Vencer es consecuencia natural de hacer las cosas bien. Parece el discurso de uno de esos entrenadores cautos y modestos. Un ejemplo: el equipo benjamín de la escuela se proclamó campeón de Catalunya al vencer al todopoderoso Granollers. «Nadie en la provincia había ganado al Granollers. Eso es muy difícil, y lo consiguieron unos niños de un proyecto solidario, en un equipo en el que no había ningún español».
De Marruecos a Nigeria
Marroquíes o nigerianos integran buena parte del grupo de 130 chavales que cada semana se ejercitan tres días en la escuela. En algún lugar al que han ido a jugar les han dicho que el equipo parecía la ONU. «Hay niños de familias desestructuradas, en los que quizás el divorcio de los padres no fue bien. Los niños no sólo necesitan comer y dormir, también un cariño, un entorno pacífico para formarse como personas de bien». Aurelio ve el avance en las calles.
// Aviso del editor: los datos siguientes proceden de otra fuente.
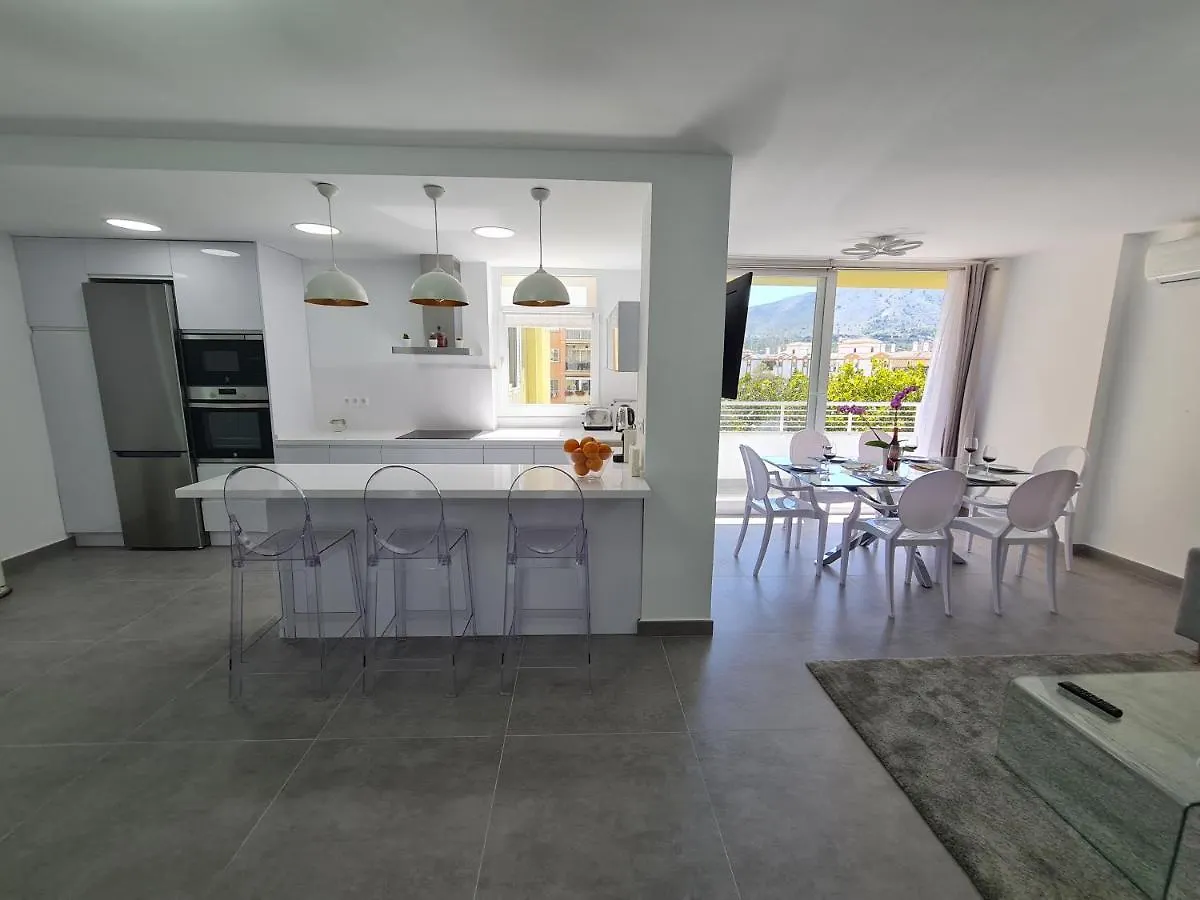 Modern 3 Bedroom Luxury Apartment In Torremolinos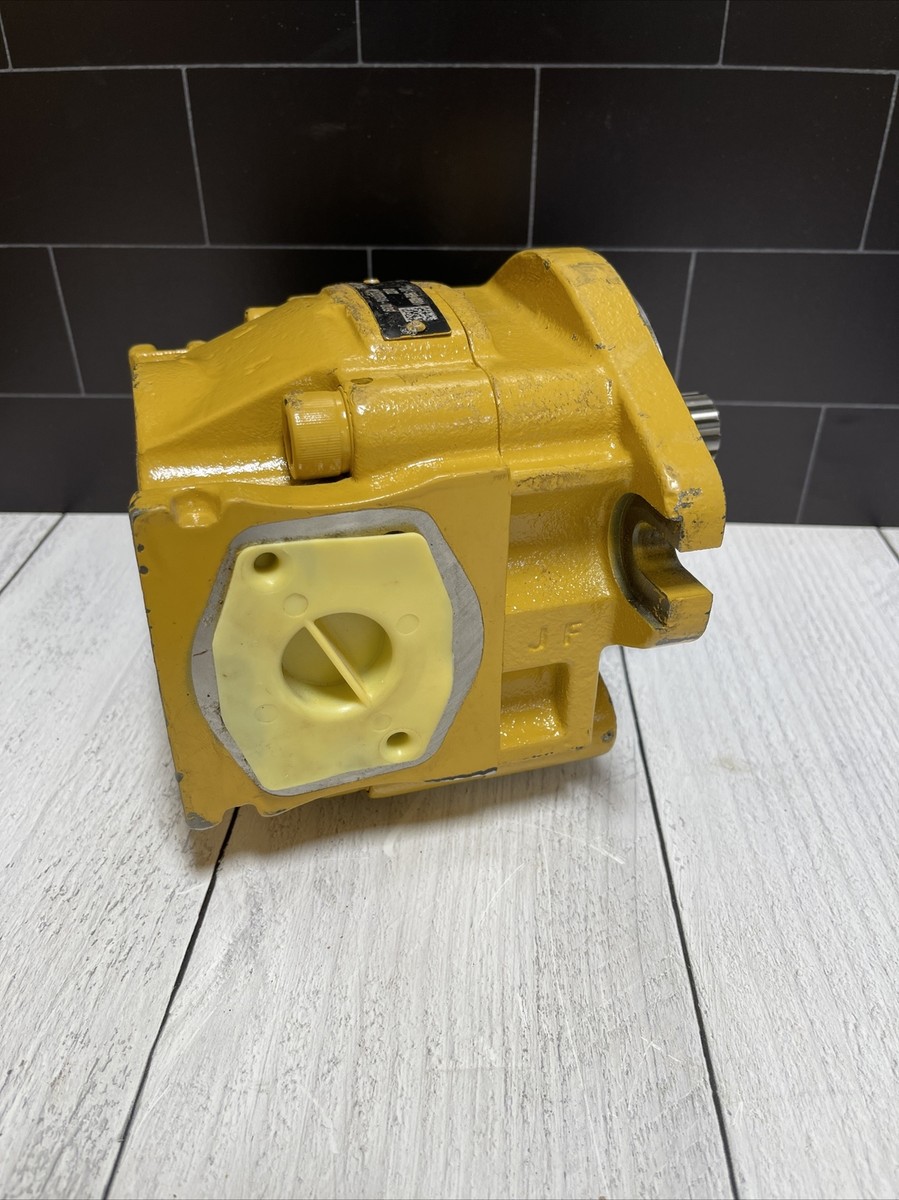 CAT Gear Pump for auxiliary system on 320, 323, and 325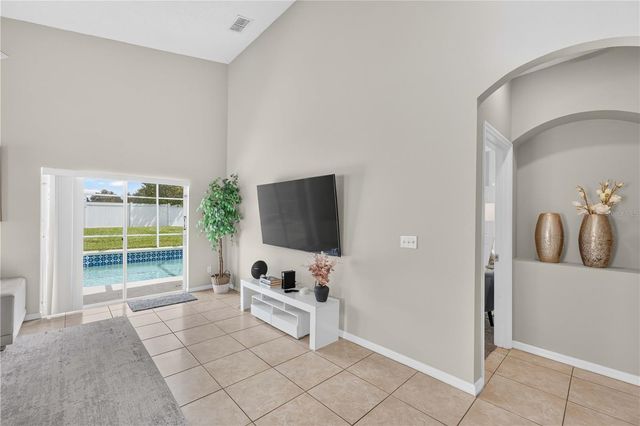 706 LOCKBREEZE DRIVE, Davenport, FL 33897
Ahora hay más chavales jugando en las plazas, en las calles del barrio, generando colectividad con el balonmano como elemento cohesionador.
El Tarragona Handbol Club batalla contra la precariedad y siempre busca una salida. «Sabemos que los niños crecen y que, aunque tengan calidad, a lo mejor cuando dejen la escuela no van a poder pagar la cuota para seguir jugando. Las licencias valen mucho dinero, el material, los viajes por toda Catalunya…». Toda ayuda es bienvenida: la de una exjugadora que tiene una empresa en Castellón y que aporta lo que puede, la del ayuntamiento, la de las empresas o la que podría venir en el futuro del Consulado de Marruecos en Tarragona.
Para Aurelio el contacto con los muchachos es vital, también en su otra faceta: profesor de ajedrez. En ese otro deporte brilló de joven. Fue el número 1 en la provincia en partidas rápidas y el segundo en lentas. Jugó en competición hasta pasados los 30 años, cuando el balonmano le absorbió por completo: «Me retiré de lo mío, de lo individual, para dedicarme a lo colectivo, que era donde más se me necesitaba».
Ahora, también de manera altruista, da clases de ajedrez a niños en la Escola Sant Salvador. «Es un juego de inteligencia para trabajar el cerebro». Por eso este año también imparte lecciones con el tablero en el instituto del barrio, una iniciativa pionera. «Se trata de entrenar la mente para mejorar en ‘mates’. Y en eso estamos. Es un juego de comer y de que no te coman, es cruento porque tienes que engañar al otro, pero sirve mucho», añade Aurelio, incansable en su multifaceta benéfica y educadora. «Me gratifica saber que contribuyo algo a que todos los niños tengan las mismas oportunidades», culmina.